Source records
________________________________________
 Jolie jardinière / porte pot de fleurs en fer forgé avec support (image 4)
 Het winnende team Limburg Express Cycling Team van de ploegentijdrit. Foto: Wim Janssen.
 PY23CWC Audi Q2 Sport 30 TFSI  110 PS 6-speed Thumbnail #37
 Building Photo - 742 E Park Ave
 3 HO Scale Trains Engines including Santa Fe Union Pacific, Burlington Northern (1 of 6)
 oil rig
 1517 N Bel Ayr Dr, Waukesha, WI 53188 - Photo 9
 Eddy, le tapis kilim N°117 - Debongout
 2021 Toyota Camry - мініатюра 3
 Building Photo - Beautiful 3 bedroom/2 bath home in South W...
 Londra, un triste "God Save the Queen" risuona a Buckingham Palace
________________________________________
Aim of the task
Please give an exact copy of the lines above, beginning with the line containing "Building Photo - 742 E Park Ave" and running through the line containing "Building Photo - Beautiful", and of no other lines.

Written solution
 Building Photo - 742 E Park Ave
 3 HO Scale Trains Engines including Santa Fe Union Pacific, Burlington Northern (1 of 6)
 oil rig
 1517 N Bel Ayr Dr, Waukesha, WI 53188 - Photo 9
 Eddy, le tapis kilim N°117 - Debongout
 2021 Toyota Camry - мініатюра 3
 Building Photo - Beautiful 3 bedroom/2 bath home in South W...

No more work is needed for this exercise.